U.S. job growth slowed more than expected in July and an unexpected rise in the unemployment rate pointed to some slack in the labor market that could give the Federal Reserve room to keep interest rates low for a while.

Economists polled by Reuters had expected payrolls to increase 233,000 last month and the unemployment rate to hold steady at 6.1 percent.

July marked the sixth straight month that employment has expanded by more than 200,000 jobs, a stretch last seen in 1997. The one tenth of a percentage point increase in the unemployment rate to 6.2 percent came as more people entered the labor market, a sign of confidence in the job market.

Fed officials on Wednesday cautioned that “significant” slack remained, signaling patience on the rate front.

The cooling in hiring is unlikely to change perceptions about strong economic growth in the third quarter.

My opinion: I’m not convinced at all that adding 209,000 jobs in July should be viewed as a “slowing” or “cooling”.  As quoted from the article above, “July marked the sixth straight month that employment has expanded by more than 200,000 jobs, a stretch last seen in 1997.” That would be like a team winning six straight championships but since they only won the last one by a few points they aren’t as good anymore… Not to mention both May and June were revised up another 15,000.

Turning to the unemployment rate .1% uptick — here is another positive sign as it signals people reentering the job market.
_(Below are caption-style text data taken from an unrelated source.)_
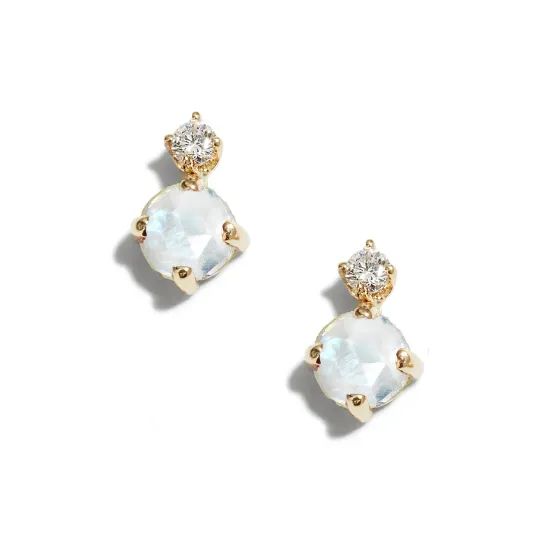 Rosecut Moonstone Diamond Earrings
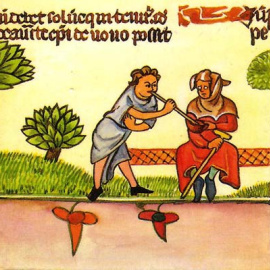 Ilustración en la que un mozo de ciego le hurta vino.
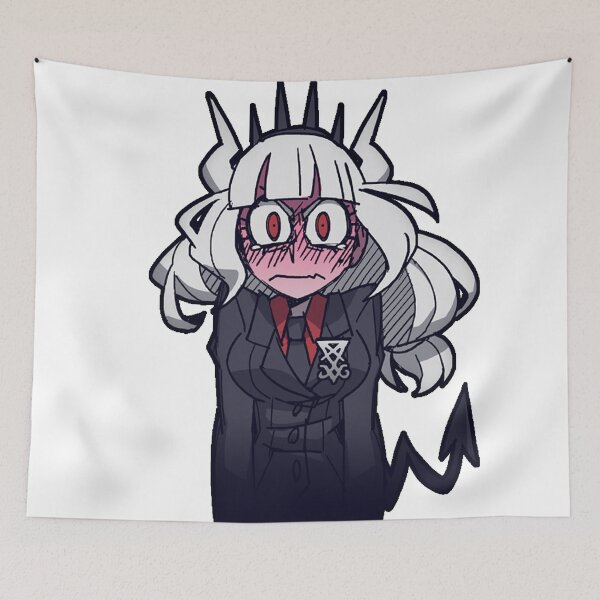Item preview, Blushing Lucifer Helltaker 'Lucy" Stickers/Shirts/Buttons/more designed and sold by Sethlow.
One of the biggest concerns for the Fed right now (if not THE biggest concern) is the slack in the labor market.  Increasing payrolls by 209k while the unemployment rate ticks up means there are still tons of people being unaccounted for in the labor market, yet that slack is tightening.

Which brings me us to the wage issue.  Since the supply of labor is so enormous compared to the demand, there is no reason for employers to compete for labor based on wages.  When the supply of labor becomes less abundant we will begin to see wages increase.  And based on the estimates for when the Fed is expected to increase interest rates, it appears the prediction for the slack to dissolve and wages to increase is roughly half way through 2015.